» **Assigned task**:
Repeat only the lines below that run from the line with "2019-2023 Audi Rsq8" to the line with "Casti Wireless In", ends included; skip every picture.

» **Data to use**:

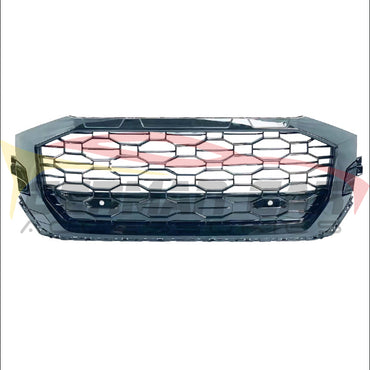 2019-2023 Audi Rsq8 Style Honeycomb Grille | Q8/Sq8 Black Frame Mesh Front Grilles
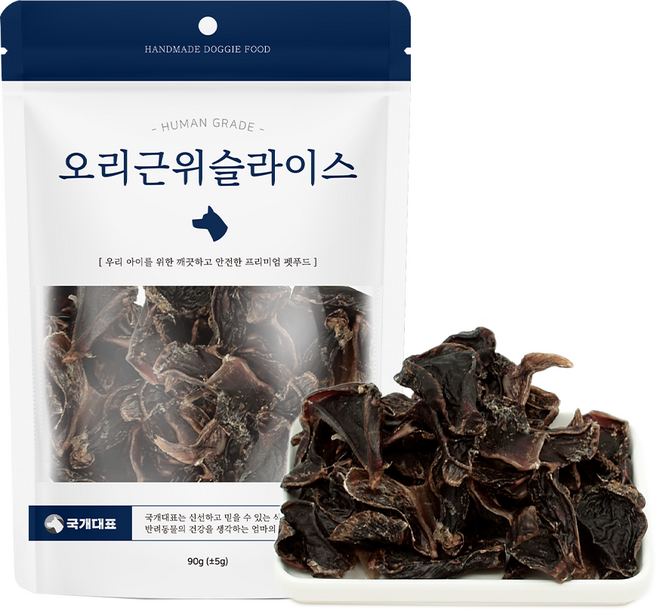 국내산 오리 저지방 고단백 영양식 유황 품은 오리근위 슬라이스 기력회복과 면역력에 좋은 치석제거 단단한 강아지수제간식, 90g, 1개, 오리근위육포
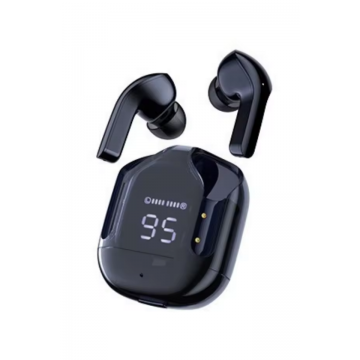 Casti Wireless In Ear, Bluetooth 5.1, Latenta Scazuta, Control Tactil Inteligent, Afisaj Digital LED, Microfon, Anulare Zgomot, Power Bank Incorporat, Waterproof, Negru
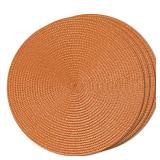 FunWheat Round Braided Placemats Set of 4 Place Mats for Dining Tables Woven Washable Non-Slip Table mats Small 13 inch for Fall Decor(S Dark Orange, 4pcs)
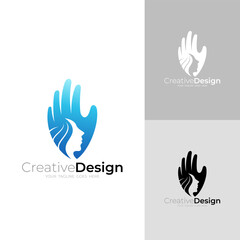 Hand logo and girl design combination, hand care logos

==

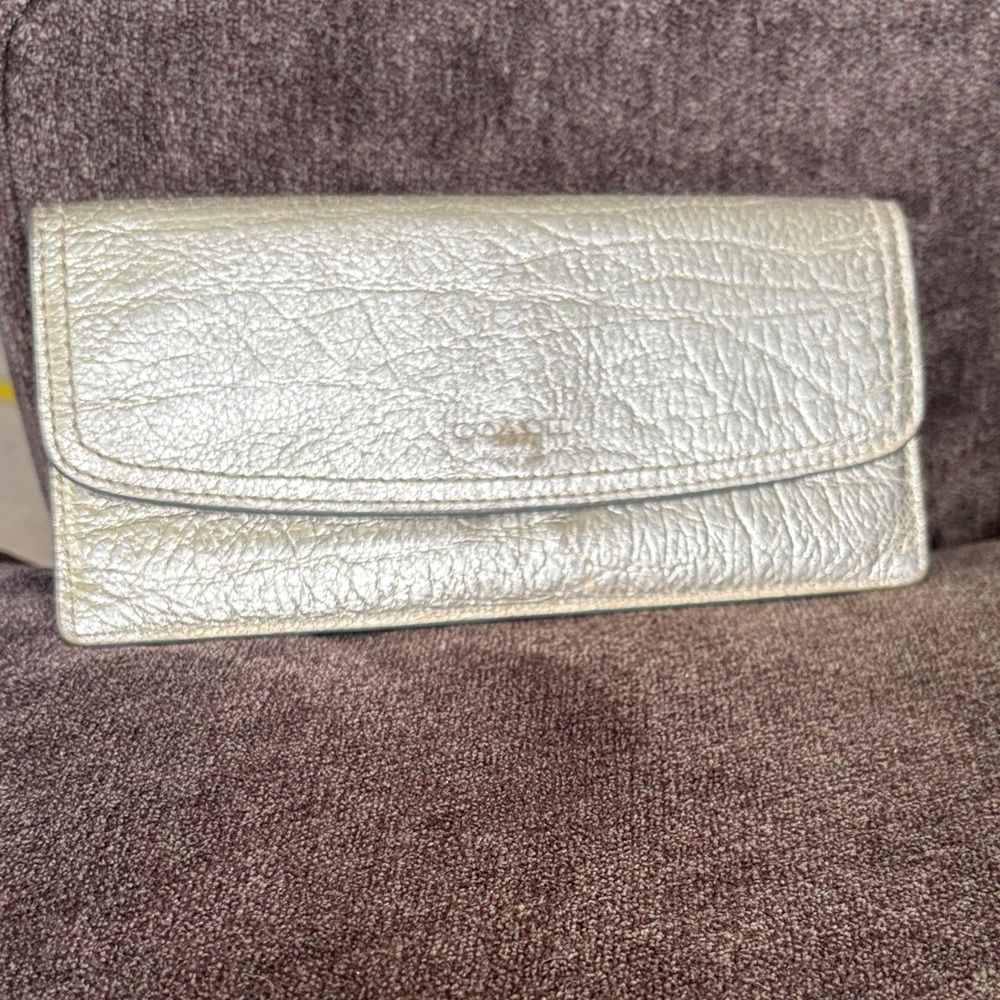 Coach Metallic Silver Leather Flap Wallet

...

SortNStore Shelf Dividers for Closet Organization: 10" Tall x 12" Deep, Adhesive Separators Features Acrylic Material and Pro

» **Solution to this problem**:
 2019-2023 Audi Rsq8 Style Honeycomb Grille | Q8/Sq8 Black Frame Mesh Front Grilles
 국내산 오리 저지방 고단백 영양식 유황 품은 오리근위 슬라이스 기력회복과 면역력에 좋은 치석제거 단단한 강아지수제간식, 90g, 1개, 오리근위육포
 Casti Wireless In Ear, Bluetooth 5.1, Latenta Scazuta, Control Tactil Inteligent, Afisaj Digital LED, Microfon, Anulare Zgomot, Power Bank Incorporat, Waterproof, Negru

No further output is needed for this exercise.